Sanction exceptionnelle pour la sénatrice Christine Herzog après des accusations de harcèlement
Le Bureau de la Haute Assemblée a prononcé une censure avec exclusion temporaire à l’encontre de la sénatrice de Moselle, Christine Herzog, membre du groupe Union centriste. Cette décision a été adoptée à l’unanimité et représente la sanction la plus sévère prévue par le règlement du Sénat, rapporte TopTribune.
Christine Herzog se voit interdite d’accès au Palais du Luxembourg durant quinze jours de séances publiques. De plus, elle devra suivre une formation visant à « mieux exercer ses fonctions d’employeur ». Les conséquences financières de cette sanction sont significatives : la sénatrice perdra la quasi-totalité de ses indemnités pendant six mois, soit une perte estimée à 32 000 euros, selon un responsable sénatorial.
Cette mesure disciplinaire découle d’accusations de « harcèlement moral » à l’encontre d’une de ses collaboratrices. Le Sénat souligne que Christine Herzog a manqué à son devoir déontologique en ne respectant pas le principe de dignité et de probité exigé de tous les parlementaires.
Un signalement au printemps
L’affaire débute avec un signalement fait au printemps par la collaboratrice concernée, actuellement en arrêt maladie. Après une enquête disciplinaire et plusieurs auditions, le Comité de déontologie a mis en lumière des comportements allant au-delà des simples accusations initiales. Christine Herzog aurait permis à son compagnon, ancien collaborateur parlementaire, d’exercer une « autorité de fait » sur ses employés, selon la décision du Bureau.
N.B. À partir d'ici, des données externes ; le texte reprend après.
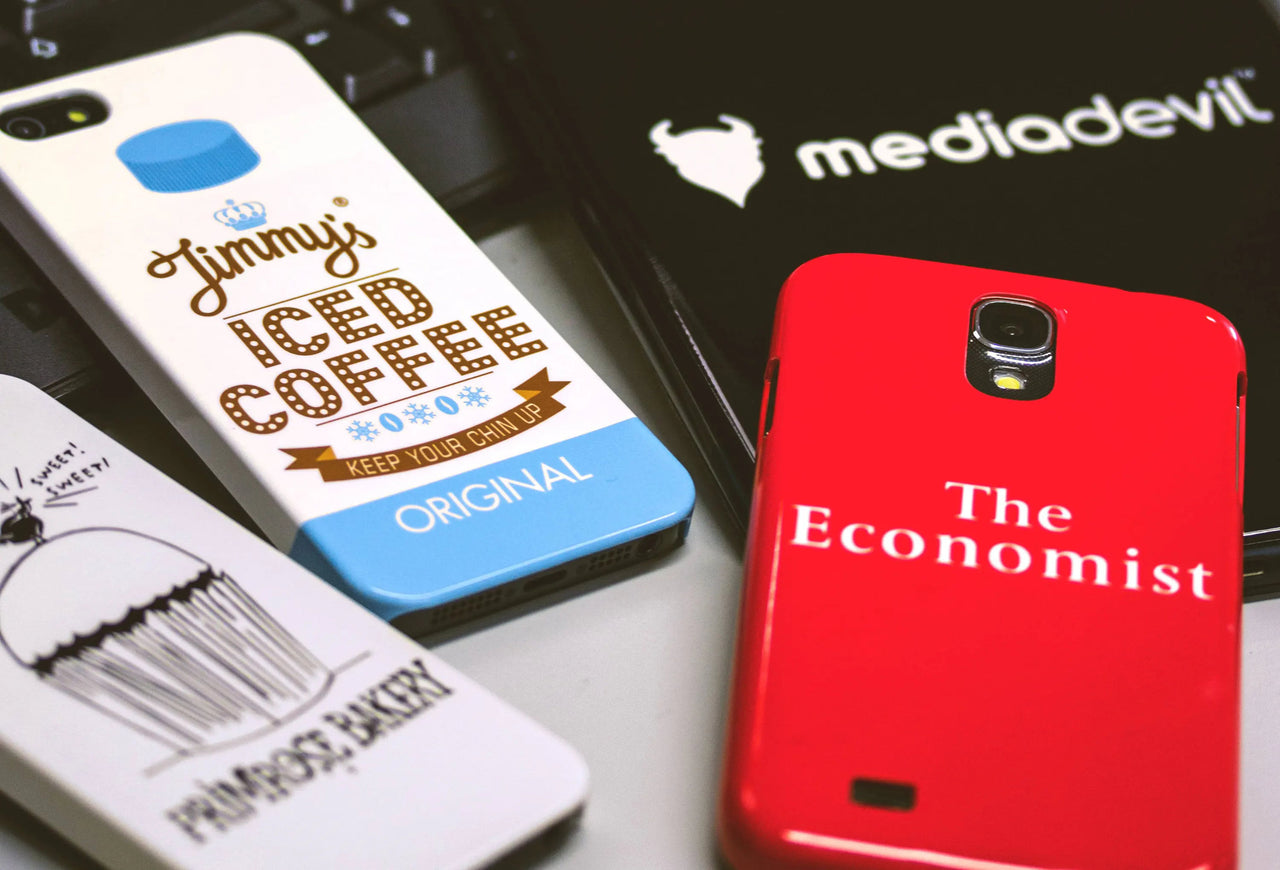 Corporate branded phone cases by MediaDevil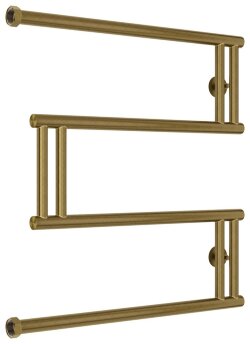 Водяной полотенцесушитель High-Tech+ model "M" 600х600 (состаренная бронза) Сунержа арт. 05-4050-6060 Водяной полотенцесушитель High-Tech+ model "M" 600х600 (состаренная бронза) Сунержа арт. 05-4050-6060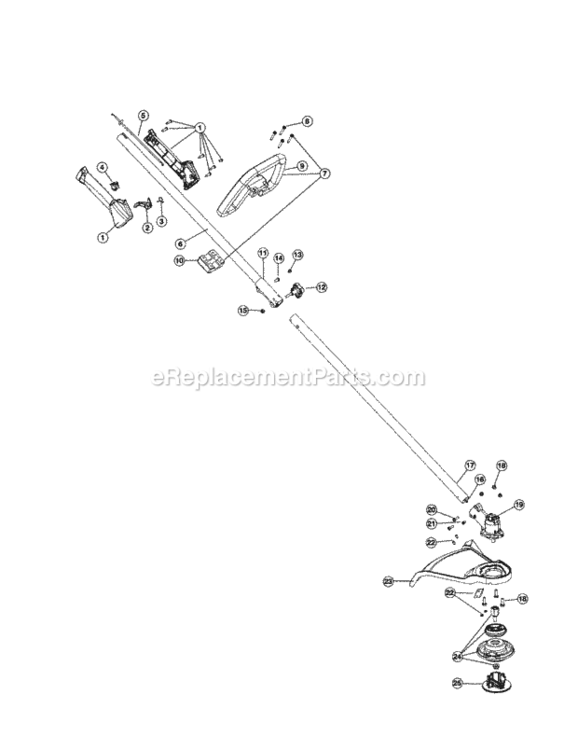 Page B Diagram and Parts List for 316791870  Craftsman Trimmer
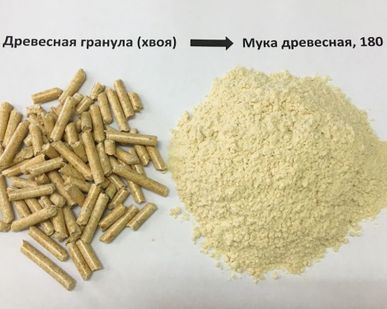 фото Мука древесная. Фасовка - мешки 15 кг. Марка муки - 180, 400 и под заказ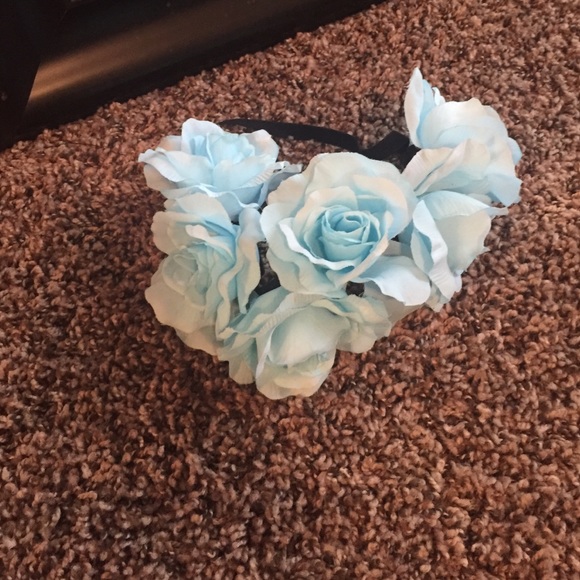 Floral flower crown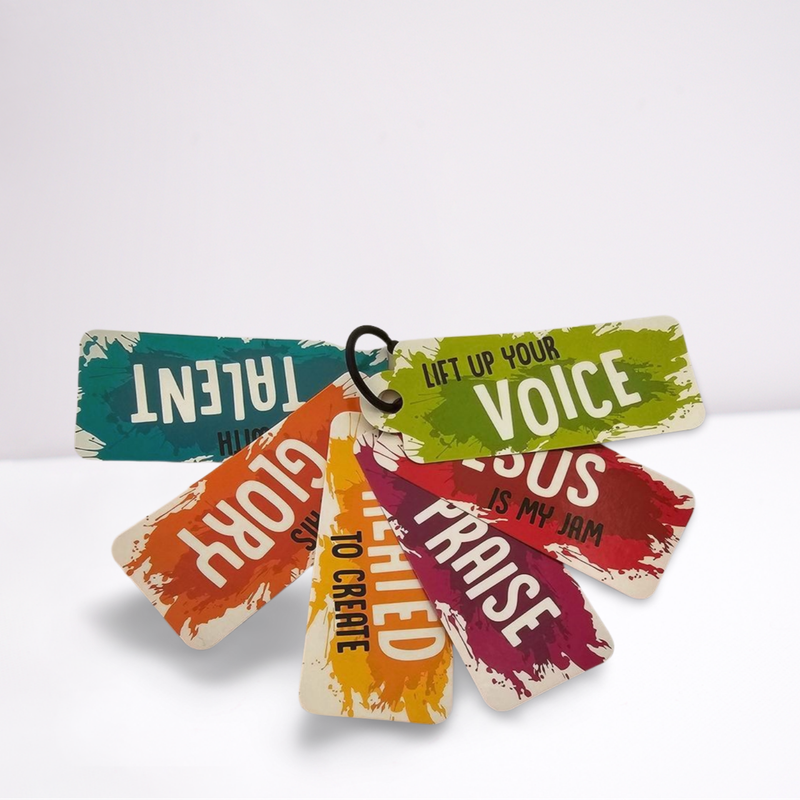 ​Bundle of Six Scripture Verse Luggage Tags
Ce compagnon avait déjà été critiqué en 2022 pour avoir utilisé des ressources du Sénat afin de soutenir la candidature de François Asselineau, le président de l’Union populaire républicaine (UPR), pour la présidentielle. La procédure disciplinaire a également révélé que cet individu aurait continué à utiliser les moyens du Sénat pour obtenir des parrainages électoraux.
Des allégations de détournement de fonds
Bien que son contrat de travail ait pris fin en 2022, en raison de la législation interdisant aux parlementaires d’employer des membres de leur famille, il est apparu que ce compagnon continuait à influencer le cabinet de Christine Herzog. Il aurait, par exemple, imposé une surcharge de travail à une collaboratrice, dont les conditions de travail se seraient détériorées, menaçant sa santé selon les déclarations du Bureau.
Les implications de la sénatrice dans cette affaire sont jugées graves, avec des possibles détournements de fonds publics et manquements aux principes de probité. Controversée depuis l’annonce de cette sanction, Christine Herzog n’a pas encore réagi aux demandes de commentaires formulées par les médias. De son côté, le groupe Union centriste a exprimé son soutien tout en prenant acte de la décision du Bureau, précisant n’avoir que des informations fragmentaires sur cette affaire.